Chapter 6 Degrees of flexibility
\(\newcommand{\flex}[]{^\circ\!{\cal{F}}}\)
Chapter 4 introduced four different settings for models. (For easy reference, Figure 6.1 redraws the examples from Chapter 4.) Remember that the word “settings” is not about the situation that produced the data or the names of the variables being displayed. “Settings” refers to the kind of response variable and explanatory variable – categorical or numerical – begin used in the model.
This chapter introduces some important new settings:
- Settings with more than one explanatory variable
- Settings where a categorical explanatory variable has more than two levels.
- Settings where the straight-line functions seen in Figure 1(b) and 1(d) are replaced with more flexible curves.
It’s far from obvious, but these new kinds of settings are all the same kind of thing mathematically, so statistical inference can handle them in the same way. The central concept that links the new settings is called the degrees of flexibility. For brevity, I’ll use symbols rather than the whole phrase “degrees of flexibility,” a degree sign followed by a flexible-looking F, that is: \(\flex\).

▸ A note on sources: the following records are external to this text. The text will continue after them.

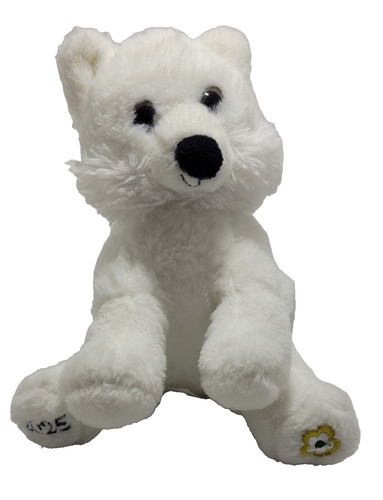White artic fox the - white,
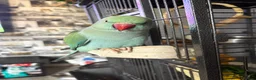Ringnecks birds for sale: Indian ringneck 2years old - Advert 2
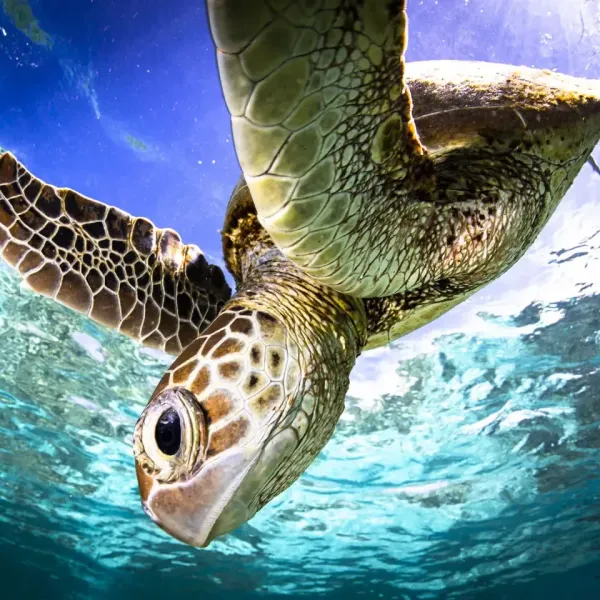 1_Green-sea-turtle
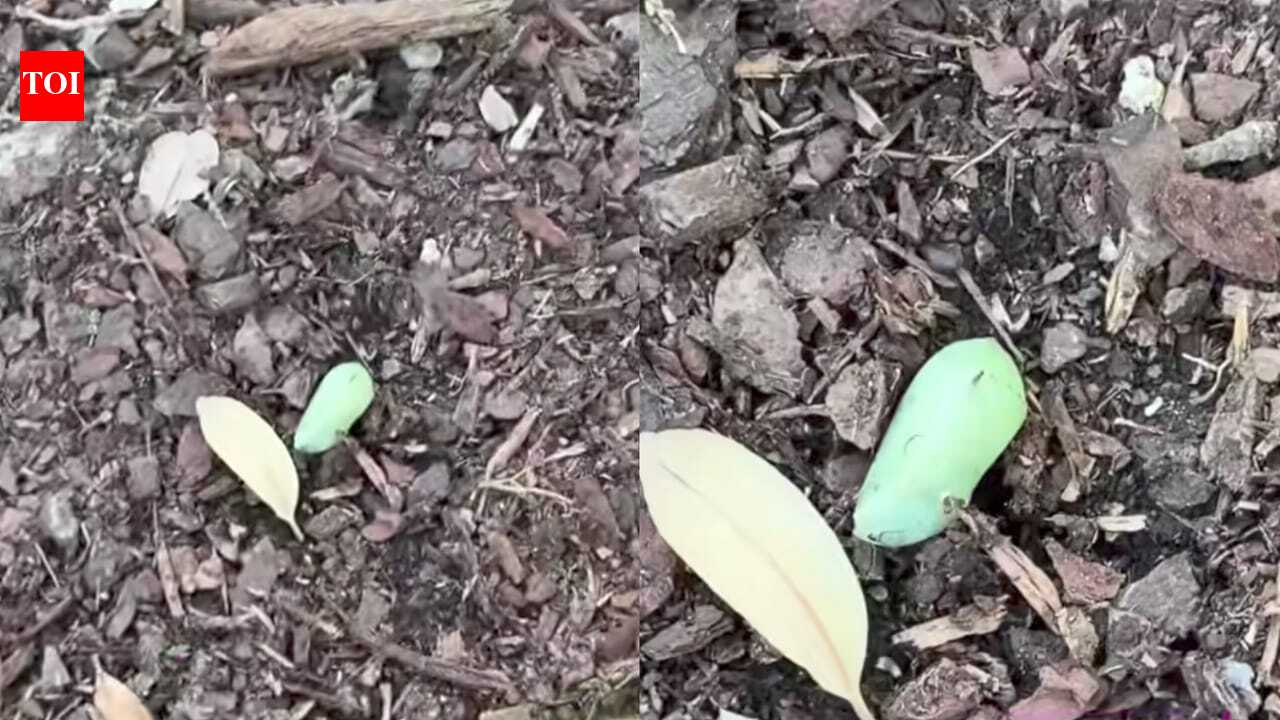 Chrysalis Discovery: Woman spots a strange green lump in her garden—What she discovers next leaves nature lovers amazed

6.1 One degree of flexibility
Each of the models presented in Chapter 4 has a single degree of flexibility, that is, \(\flex = 1\). You can think about degrees of flexibility as how many numbers are required to specify the model completely. For instance, the straight-line models in Figure 6.1(b) and 6.1(d) each can be specified by a slope and an intercept. The models in Figure 6.1(a) and 6.1(b) can be specified by two numbers: the value of the model for the left group and the value for the right group.
In talking about descriptions of models, rather than using the word number, we use coefficient. This is no big deal, but when you see the word coefficient you’ll have a distinct hint that we are talking about the shape of a model. And we’ll be able to say things like “the number of coefficients” to refer to how many coefficients are needed to specify the model.
The degree of flexibility of a model is defined to be the number of coefficients needed to completely specify the model minus one. You might wonder, “Why subtract one from the number of coefficients?” Just a convention. You’ll see some justification for it in Chapter 8, Simple means and proportions, where we will work with models with zero degrees of freedom, which is to say, one coefficient.
6.2 Multiple degrees of flexibility
Let’s look at some examples of models where there is more than one degree of freedom. To start, Figure 2 shows a model with two degrees of freedom: \(\flex = 2\).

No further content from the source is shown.